#### WHAT YOU WILL DO:
The answer should reproduce every entry exactly and contain no images.

[Web page caption snippets]
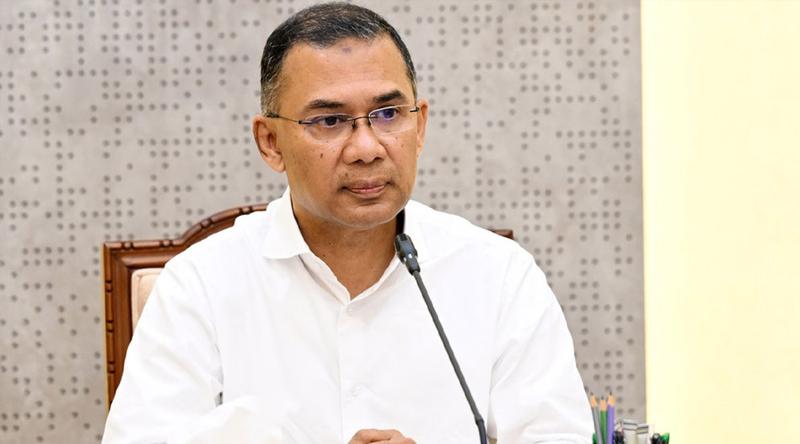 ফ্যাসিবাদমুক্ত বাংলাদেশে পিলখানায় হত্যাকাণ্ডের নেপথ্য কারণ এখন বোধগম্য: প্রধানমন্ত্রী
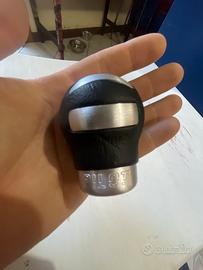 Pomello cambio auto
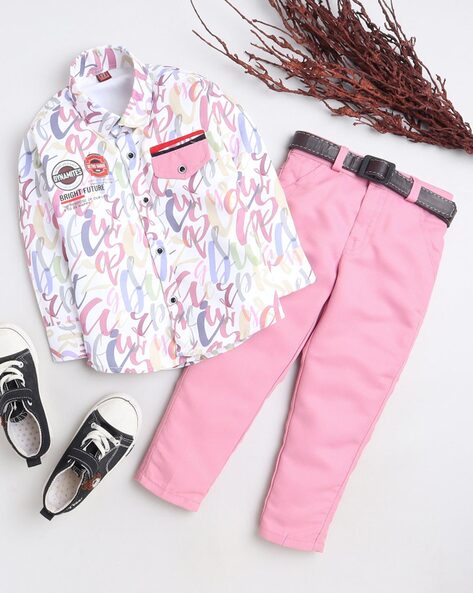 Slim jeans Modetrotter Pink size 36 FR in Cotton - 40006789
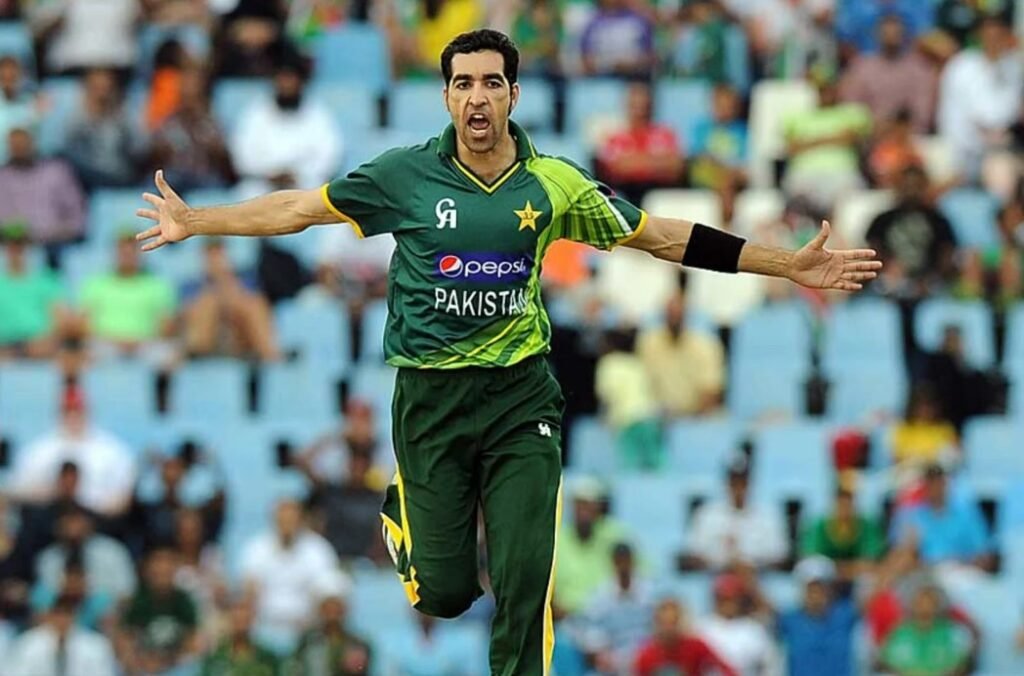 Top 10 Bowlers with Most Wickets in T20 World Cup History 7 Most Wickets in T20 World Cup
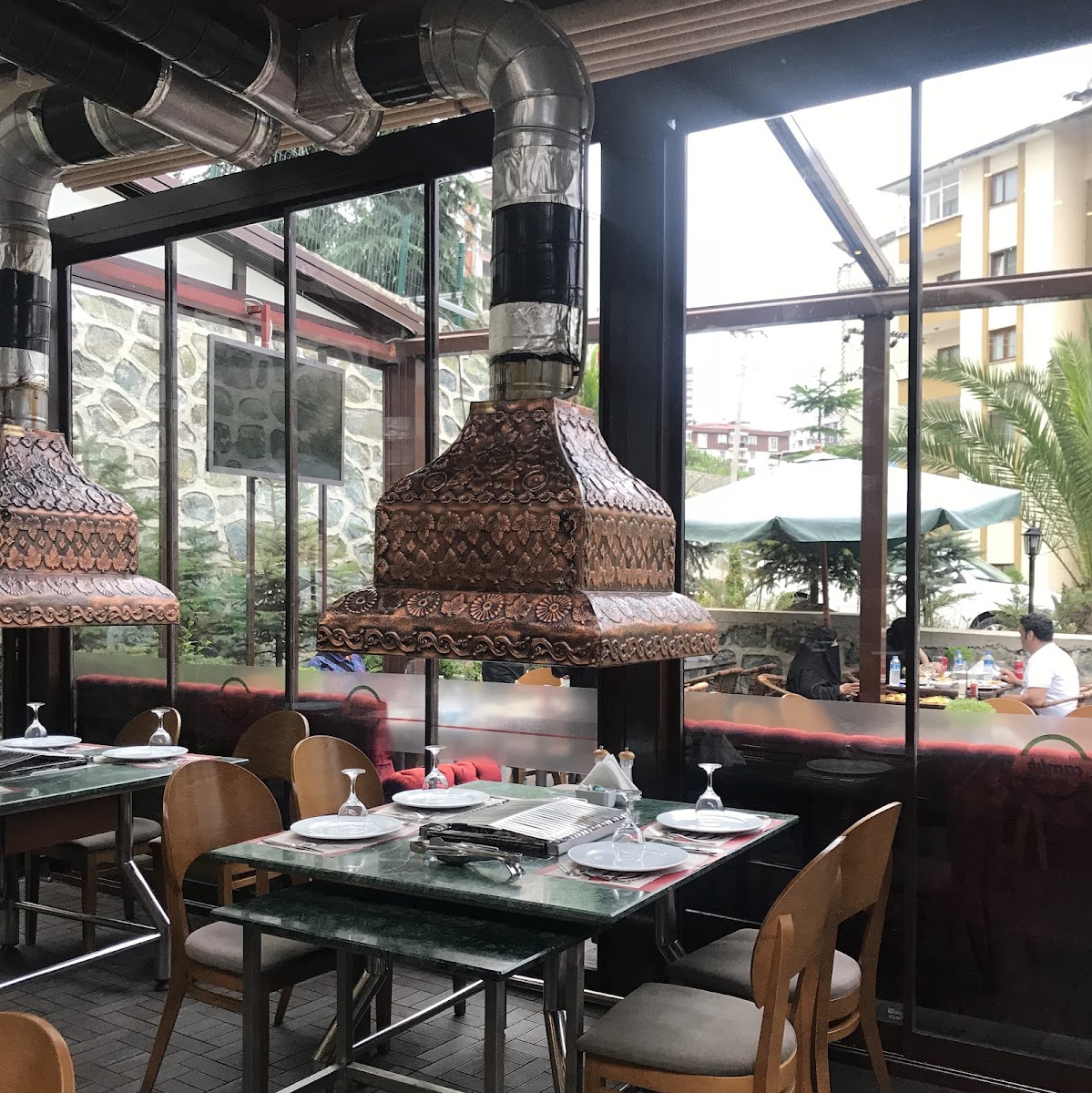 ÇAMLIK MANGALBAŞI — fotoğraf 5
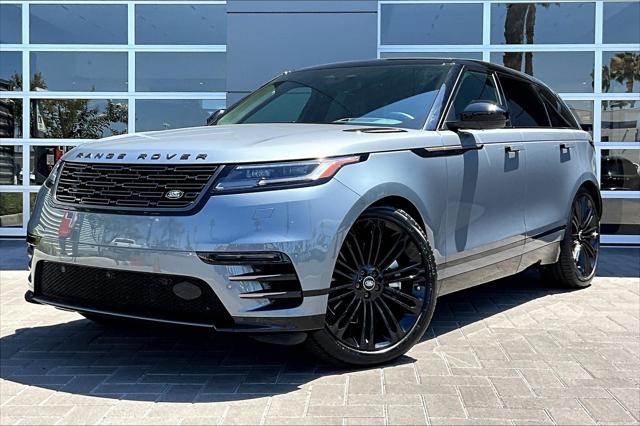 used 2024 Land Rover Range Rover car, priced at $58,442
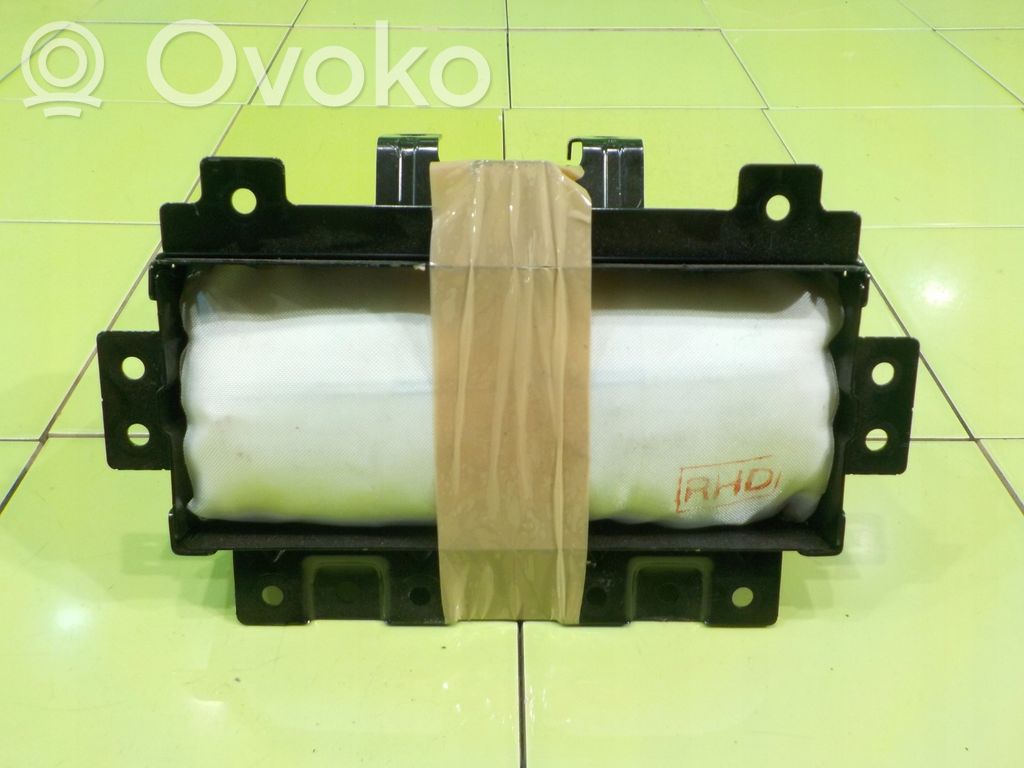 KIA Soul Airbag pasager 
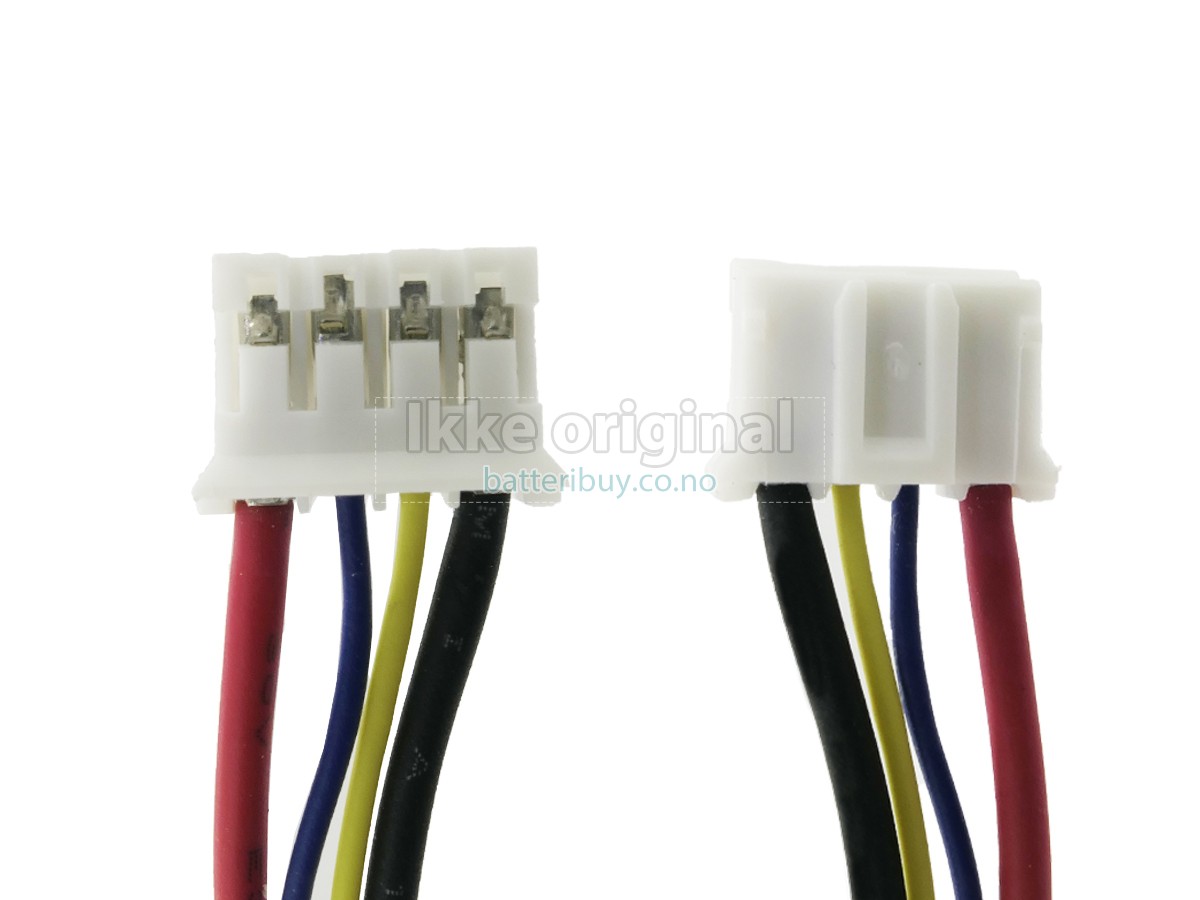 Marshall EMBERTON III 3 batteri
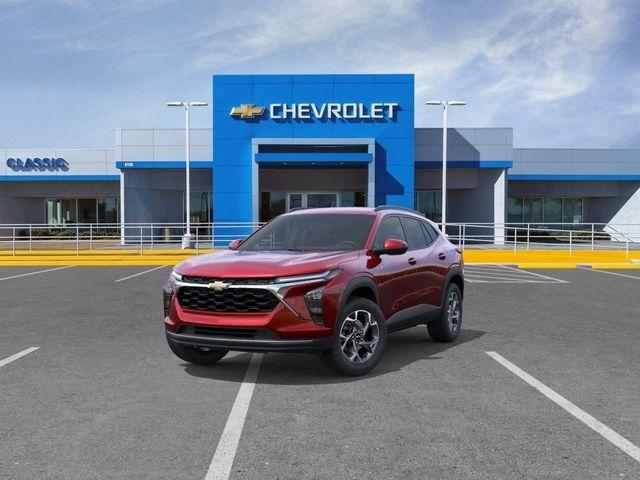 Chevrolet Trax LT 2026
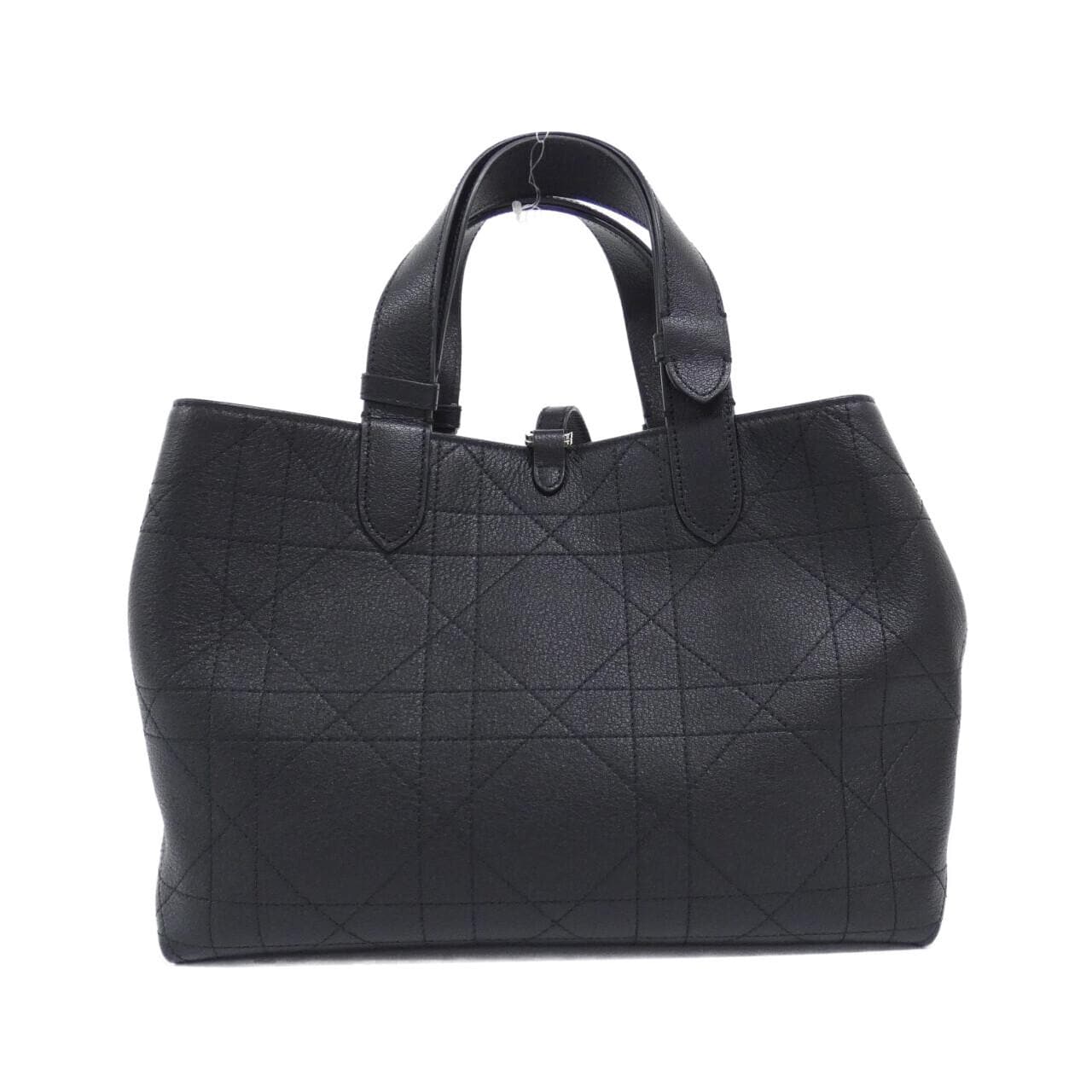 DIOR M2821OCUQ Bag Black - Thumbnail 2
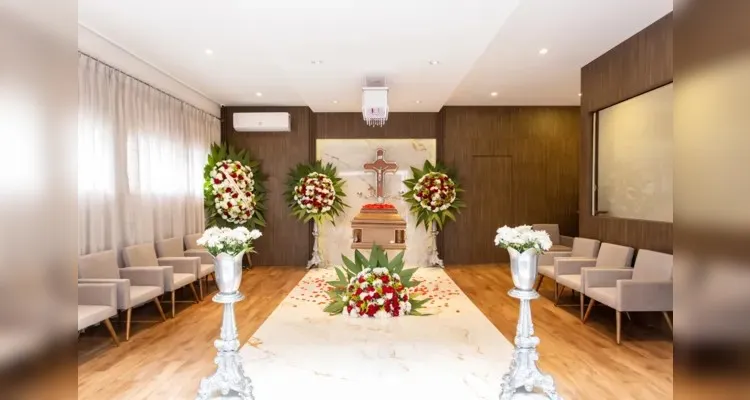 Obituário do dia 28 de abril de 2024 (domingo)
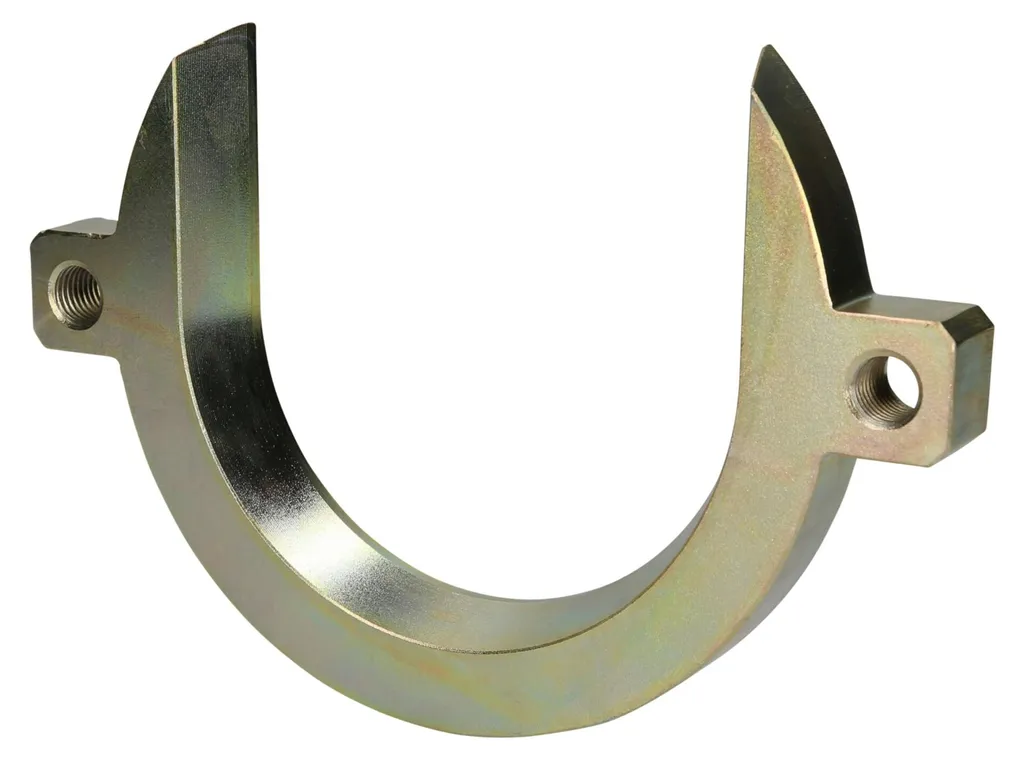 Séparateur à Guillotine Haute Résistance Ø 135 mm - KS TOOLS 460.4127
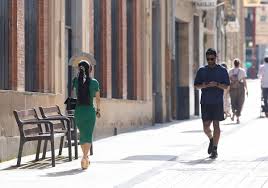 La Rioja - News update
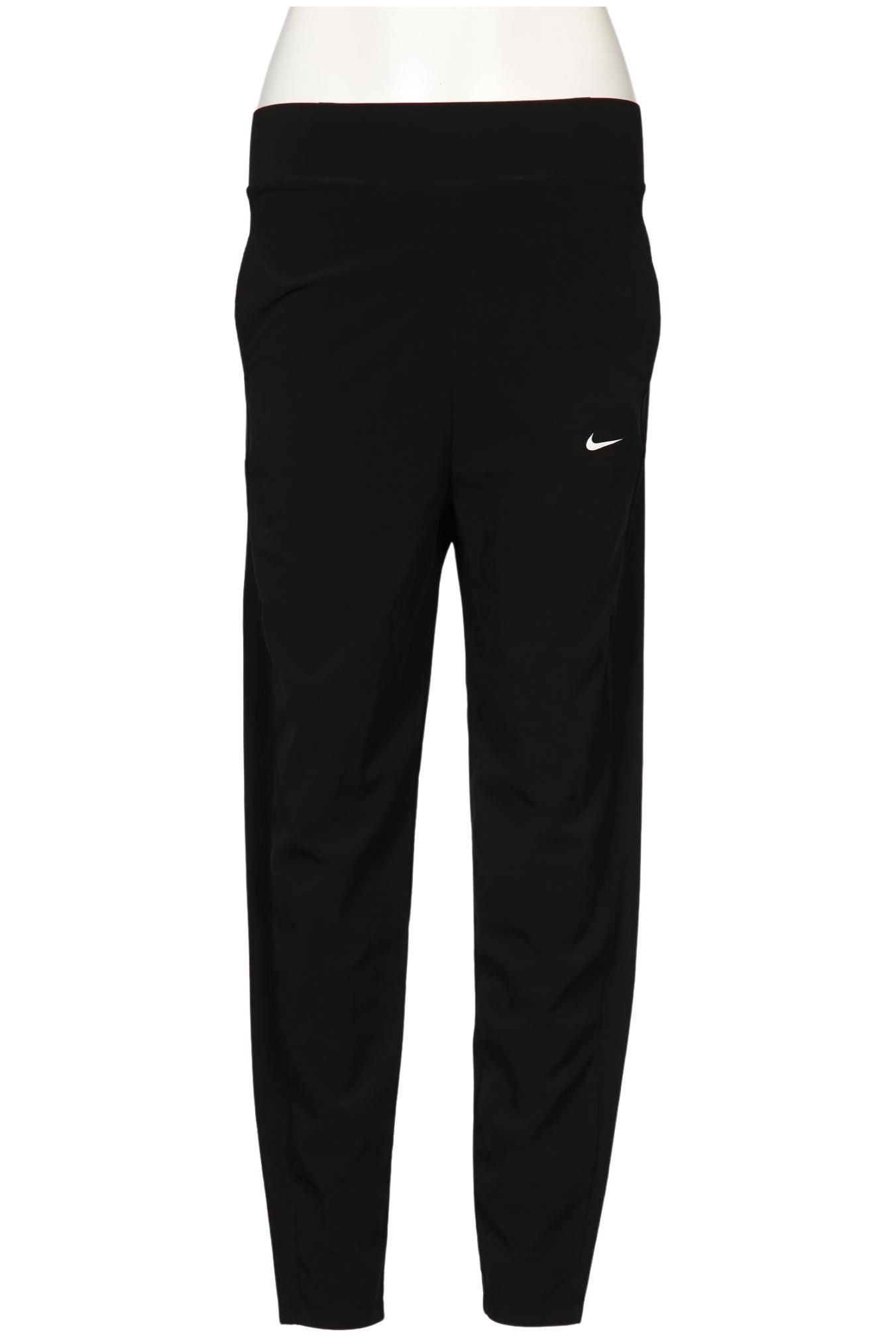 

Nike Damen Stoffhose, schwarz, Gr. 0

#### THE COMPLETED TASK:
 ফ্যাসিবাদমুক্ত বাংলাদেশে পিলখানায় হত্যাকাণ্ডের নেপথ্য কারণ এখন বোধগম্য: প্রধানমন্ত্রী
 Pomello cambio auto
 Slim jeans Modetrotter Pink size 36 FR in Cotton - 40006789
 Top 10 Bowlers with Most Wickets in T20 World Cup History 7 Most Wickets in T20 World Cup
 ÇAMLIK MANGALBAŞI — fotoğraf 5
 used 2024 Land Rover Range Rover car, priced at $58,442
 KIA Soul Airbag pasager 
 Marshall EMBERTON III 3 batteri
 Chevrolet Trax LT 2026
 DIOR M2821OCUQ Bag Black - Thumbnail 2
 Obituário do dia 28 de abril de 2024 (domingo)
 Séparateur à Guillotine Haute Résistance Ø 135 mm - KS TOOLS 460.4127
 La Rioja - News update

Nike Damen Stoffhose, schwarz, Gr. 0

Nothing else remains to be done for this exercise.